> [Instructions for the task] From the entries below, transcribe exactly the lines between the line holding "Donna Karan V-Neck" and the line holding "For 07 08 09", inclusive; skip all other lines.

*** Data ***

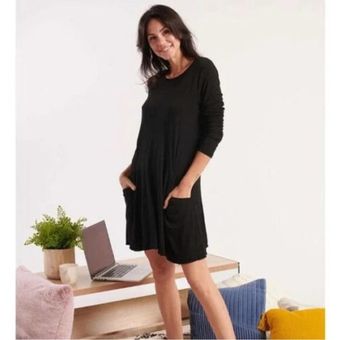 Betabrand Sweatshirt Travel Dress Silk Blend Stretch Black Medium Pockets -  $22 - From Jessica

*** End of Data ***
*** Data ***

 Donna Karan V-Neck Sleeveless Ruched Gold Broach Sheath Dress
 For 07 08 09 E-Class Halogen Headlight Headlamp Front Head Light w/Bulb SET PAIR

*** End of Data ***
*** Data ***

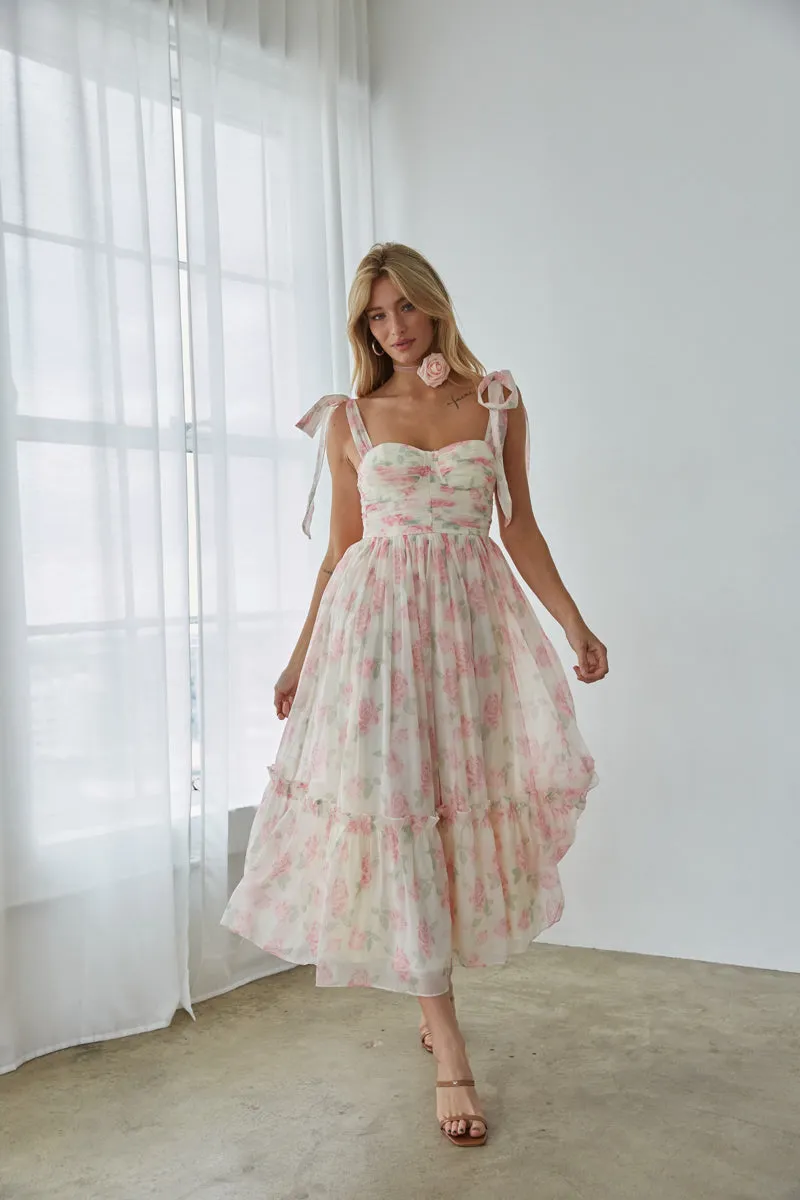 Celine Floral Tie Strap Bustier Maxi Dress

*** End of Data ***

> [Task answer]
 Donna Karan V-Neck Sleeveless Ruched Gold Broach Sheath Dress
 For 07 08 09 E-Class Halogen Headlight Headlamp Front Head Light w/Bulb SET PAIR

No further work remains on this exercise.